Comptes exempts d’impôt (Roth IRA, Roth 401)k)( : Vous payez l’impôt sur les cotisations dès le départ, mais plus jamais d’impôt — ni sur la croissance, ni sur les dividendes, ni sur les retraits.
L’avantage, c’est que payez-vous des impôts sur les dividendes réinvestis dans ces comptes ? Non. Jamais. Votre argent se compound sans être touché par l’IRS.
La limite de contribution idéale
Le gouvernement plafonne la somme que vous pouvez abriter chaque année, mais c’est encore conséquent. Pour 2024, vous pouvez cotiser :
De nombreux travailleurs utilisent les deux : maximiser la contrepartie de l’employeur sur leur 401)k, puis maximiser un IRA pour une gamme plus large d’options d’investissement. Cela peut représenter plus de 30 500 $ par an en croissance protégée fiscalement.

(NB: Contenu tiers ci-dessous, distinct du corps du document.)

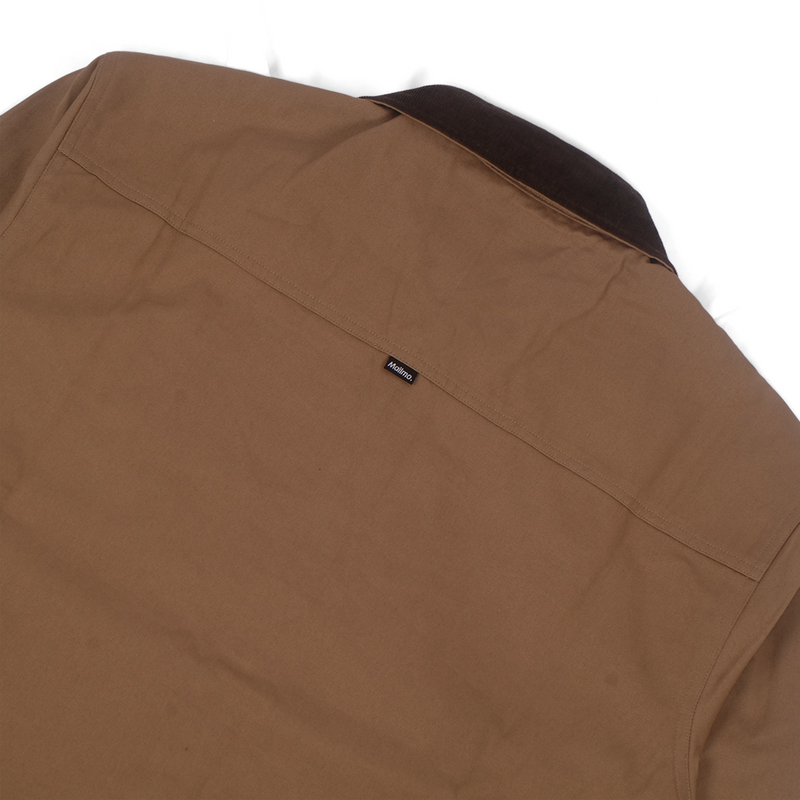 Mailmo Rayn Work jacket Brown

Les chiffres sont simples : 24 000 $ investis chaque année pendant 40 ans dans un compte à imposition différée contenant des actions à dividendes pourraient rapporter six chiffres de plus à la retraite par rapport à la même stratégie dans un compte de courtage taxable.

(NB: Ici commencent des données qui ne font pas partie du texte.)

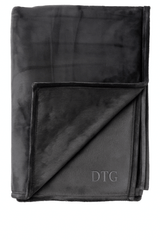 Custom Fluffy XL Plush Fleece Blanket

Les dividendes en valent-ils la peine ?
Après tout ce discours sur les impôts, vous pourriez vous demander si les actions versant des dividendes valent même la peine d’être possédées. Des recherches de Ned Davis suggèrent le contraire. De 1972 à 2016, les actions du S&P 500 qui versaient des dividendes ont rapporté en moyenne 9,1 % par an, écrasant les 2,4 % de rendement des actions non versant de dividendes. Même le S&P 500 dans son ensemble n’a rapporté que 7,5 % par an.
Les actions versant des dividendes ont cartonné — mais seulement si vous comprenez les implications fiscales.
La conclusion
Les taxes sur les dividendes sont l’un des rares moments où l’on peut parler de « argent gratuit » en investissement. Les minimiser via des comptes fiscalement avantageux est la meilleure façon d’éliminer une fuite de richesse qui, autrement, coûte à la plupart des investisseurs 200 000 $ ou plus au cours de leur vie. La solution ne nécessite aucune compétence en sélection d’actions, juste une stratégie de placement dans les comptes. Cela vaut la peine d’y prêter attention.